Nine days before Pete Buttigieg officially declared his bid for the White House, a woman approached the South Bend, Indiana mayor as he was waiting to board a flight to Manchester, New Hampshire, his third trip to the state since announcing his presidential exploratory committee in January. “She said, ‘Everyone’s coming up to you and saying hello,’ ” Buttigieg tells PLAYBOY. “And I said, ‘Well, yeah, it’s campaign season.’ She said, ‘Oh, what channel are you a reporter for?’ ”
He says that the encounter had been “a reminder that there are lots of people we need to reach—and also that we need to make sure this is a project of substance. Substance is key to outliving the flavor-of-the-month period.”
Buttigieg’s campaign raised an impressive $7 million in the first quarter of 2019, bolstered by a March town hall on CNN that resulted in more than 22,000 donations within 24 hours. Soon after, Buttigieg’s team was negotiating a televised town hall with Fox News, perhaps because that woman at the airport watches Fox News. Indeed, if she watched any other network—MSNBC at night, whoever airs Ellen during the day, CNN at any hour—she would have recognized the 37-year-old who has become the most unexpected and fascinating candidate in the 2020 contest.
This June, at the first Democratic primary debate in Miami, Buttigieg is expected to cross swords with as many as 19 competitors. Millions will tune in. Should he perform mildly well, anyone faintly interested in politics will know Mayor Pete’s last name—and, finally, how to pronounce its trio of syllables. (It’s boot-edge-edge.) Should he perform above average, he could wipe out half the field overnight. Buttigieg knows this is the advantage his rising-star status offers.

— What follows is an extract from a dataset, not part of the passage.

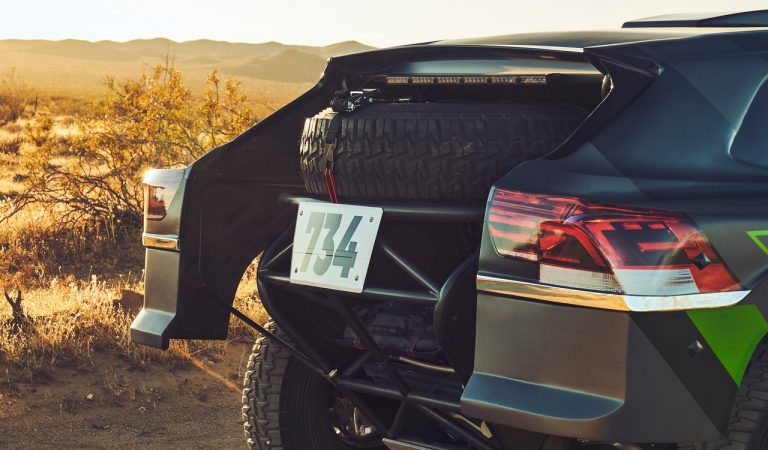 Volkswagen Atlas Cross Sport R Concept: le immagini ufficiali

“The only point of doing this, especially coming from an under-dog position, is thinking that you’re going to introduce ideas that need to be there,” he says. “If we continue to perform, the debates could be a very good environment, because it will be just that many more people watching—hopefully people who will have the same response as people who tuned in earlier.”
The whispered problem is that two months before the debates, Buttigieg had yet to publish any official policy position on his website. He has instead spent his time doubling down on selling his campaign as grassroots, likely to temper the ascent that has propelled him to the near-front of the pack as the first millennial presidential candidate.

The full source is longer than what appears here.